A preoccupare non è una porticina che, spensierati, apriamo sul calendario dell’Avvento per rendere gioiosa l’attesa del Natale. È il progetto della "Tabula rasa" del fronte urbano di via della Stazione a Muralto, annunciata dalla ‘Regione’ nell’edizione del 1° dicembre. È stata una notizia, caduta come un macigno, a guastare l’innocente attesa di una delle più belle feste dell’anno. Riguarda un’intera città che si estende dal declivio della montagna e occupa la parte settentrionale del Delta della Maggia. La demolizione progettata sul fronte ovest di via della Stazione a Muralto comporta un deturpamento importante di un agglomerato urbano in cui ci si ostina a mantenere le baronie di Comuni separati, strumentali agli interessi e agli affari dei palazzinari.

La fusione è il sogno della maggioranza dei locarnesi, tuttavia ostacolato da una mentalità già denunciata per quasi mezzo secolo da Piero Bianconi. L’autore dell’"Albero genealogico"(1969) definiva la città del delta abitata in genere da bottegai, volti esclusivamente al rozzo guadagno. Le numerose gru, visibili nel paesaggio, per quanto scriveva Bianconi da Minusio, marcavano come fari nel territorio i luoghi dove sorgevano nuove costruzioni a cementificare i declivi verdi della montagna. Erano simili a forche destinate alle impiccagioni degli ultimi segni della cultura del bello, dell’armonico e del rispetto dell’ambiente. Ricordiamo che questa nostra città, purtroppo ancora oggi frammentata, fu edificata nei suoi dettagli più pregevoli dalle visioni di fine Ottocento di Francesco Balli. Fondatore della Pro Locarno e sindaco dal 1896 al 1913, contribuì in modo decisivo a disegnare il volto moderno e seducente di Locarno e della regione circostante.

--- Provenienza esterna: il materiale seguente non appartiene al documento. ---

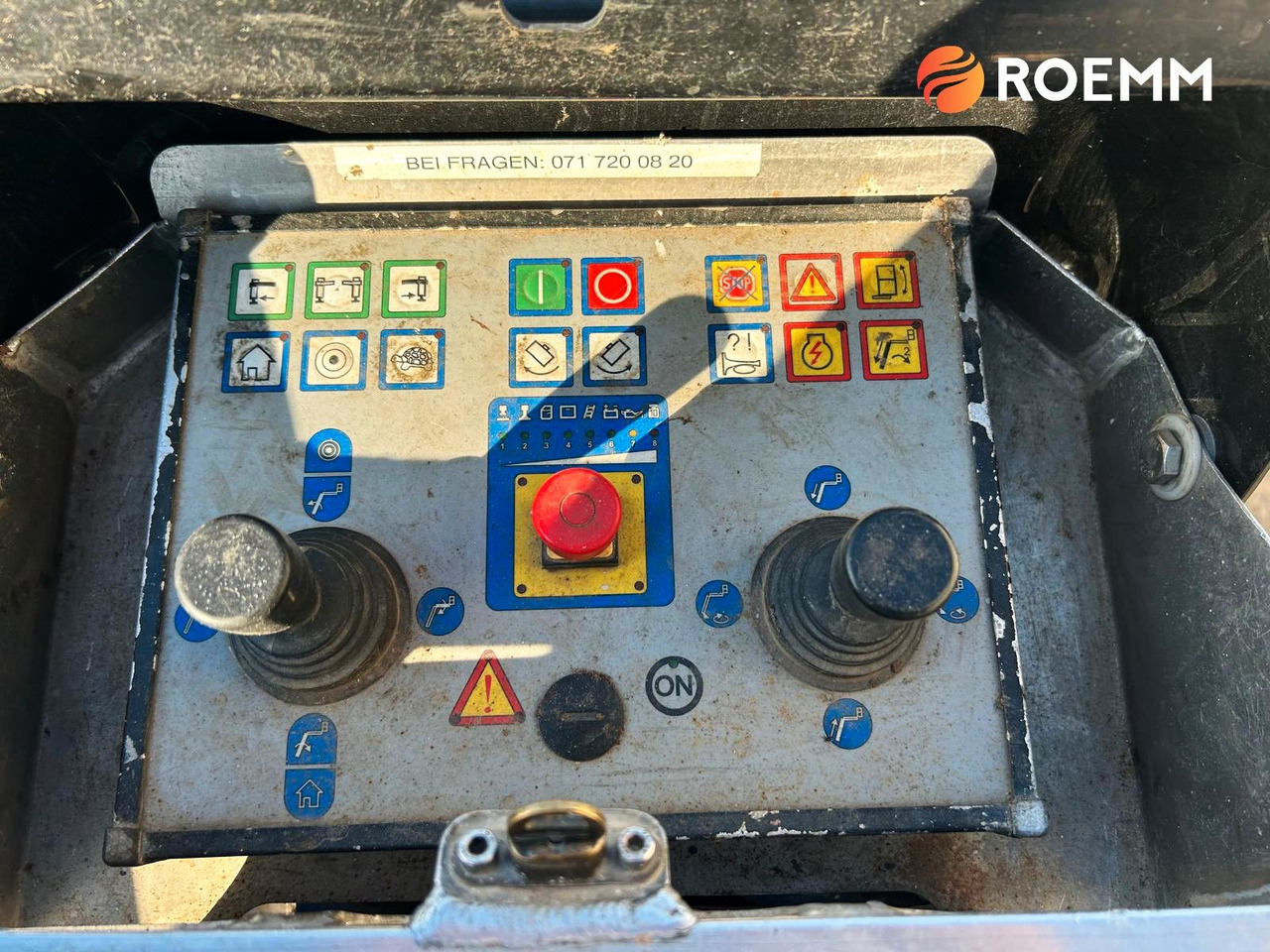 Renault F241 P220B Maxity* - Platformë ajrore e montuar në kamion: foto 5 Renault F241 P220B Maxity* - Platformë ajrore e montuar në kamion: foto 5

Gli obiettivi principali della veemenza distruttiva in città e nell’intero cantone furono le incantevoli ville ottocentesche. Quale esempio nel quartiere nuovo la villa "moresca", dello stile architettonico e ornamentale sviluppato in Europa dal XVIII secolo, ma soprattutto nel XIX secolo, a imitazione degli antichi mori di Spagna. Poi nel 1977 venne il momento di abbattere la Villa Leoncavallo di Brissago e più tardi, nello stesso comune, la storica demolizione del capolavoro di stile floreale e liberty: il Grand Hotel di Brissago dell’architetto Paolito Somazzi.

Nell’intero Cantone Ticino l’architettura dell’Ottocento fu eliminata dalle ruspe che, per precisione ed efficacia nell’annientamento di testimonianze preziose di una particolare epoca, non temono il confronto con i missili russi sull’Ucraina. Eppure, se consideriamo l’intera Europa, Dresda e la stessa Praga, meraviglie ottocentesche, rase al suolo dagli americani e dagli inglesi nella terribile guerra della prima metà del secolo scorso, furono accuratamente ricostruite seguendo nel dettaglio il modello e la struttura dell’edificio originale. Esemplare è stato il destino e l’esistenza stessa del Castello di Berlino. Danneggiato in maniera non irreparabile dai bombardamenti della seconda guerra mondiale, venne abbattuto nel 1950 per ordine del governo della neonata Repubblica Democratica Tedesca. Dopo un lungo dibattito, è infine stata decisa la ricostruzione, iniziata nel 2013 e completata nel 2020.

Tornando a Muralto, a confermare l’assunzione dell’ideologia del massimo profitto senza compromessi da chi finanzia il progetto vi è l’aggiunta, al piano superiore del nuovo edificio sul fronte di via della Stazione, la costruzione di decine di nuovi appartamenti. Il panorama che si presenterà ai ricchi ospiti, nel lusso del retrostante Grande Albergo Locarno sarà, al posto dell’arioso spettacolo degli attuali portici, una sequela di dozzinali appartamenti, costruiti sul modello imposto simile all’allevamento di polli in batteria. È questa una dimostrazione di come l’assunzione dell’ideologia del profitto ad ogni costo avvilisce, invece di emancipare, la condizione futura della gente.